The plot, which spins around three or four romances amongst these characters, is funny and engaging (although over-extended at nearly 400 tight pages). The characters are all cleverly conceived and portrayed, some sympathetic, some endearingly ghastly. Miss Fielding is particularly entertaining–she finds fault with everyone and everything with a blithe hostility she thinks is humanitarian. And Vartouthi, the young foreigner in their midst, hired as maid-of-all-work, ends up running the household and stealing (almost) everyone’s heart. She receives two marriage proposals in the book, and accepts the second, from Kenneth, much to Miss Fielding’s chagrin. She (Vartouthi) is a unique and delightful character, refreshingly honest and free-spirited.
Half-way through I felt that things slowed down and that the book was much too long, but as I continued reading I liked it more and more and was sorry when it (finally) ended.
The Bachelors by Muriel Spark (J. B. Lippincott & Co., 1961)
An early novel–the fourth?–of Spark’s many novels, The Bachelors is set in London and revolves around two groups: one (mostly, or ostensibly, heterosexual) bachelors, the other a group of spiritualists, who conduct seances with a venal criminal as a medium. The plot centers upon a court case and trial that brings these two groups together in an entertaining way, and the novel has a large and varied cast of vividly eccentric characters.

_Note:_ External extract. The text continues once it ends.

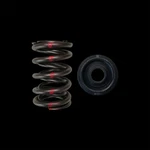 Brian Crower BC0030S Spring/steel Retainer Kit For Honda H22 New. Price: $339.00.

One of these, Ronald Bridges, a graphologist and epileptic, is the decent moral center of the book, and endears himself to the reader and pretty much everyone around him.
My Own Unaided Work by Hermione Gingold (Werner, Laurie, 1952)
A collection of sketches, monologues, lyrics, and a short autobiography by the truly fabulous La Gingold.
Her uncanny intelligence and sly, original sense of humor are much evident in these souffle-like pieces, that are delicious but melt like spun sugar as one reads them.
Mr. Bridge by Evan S. Connell, Jr. (Picador, 1987; originally published by Alfred A. Knopf in 1969)
A companion volume to Mrs. Bridge (see below), published ten years later in 1969.
Mr. Bridge is a much less pleasing book than Mrs. Bridge, mostly because Mr. Bridge is a much less sympathetic character. And the book is a third longer than Mrs. Bridge, so one feels overexposed to Mr. Bridge, and grows tired of him long before the book ends. Many of the incidents related are repetitive and Mr. Bridge is impervious to just about everything that happens to him, maintaining self-control and small-mindedness and bullying confidence until the very end. It’s written in the same style as Mrs. Bridge, in brief, glancing chapters capturing specific moments and encounters, but it lacks Mrs. Bridge‘s bonsai-like exquisiteness–it’s somewhat lumpy and unpleasant.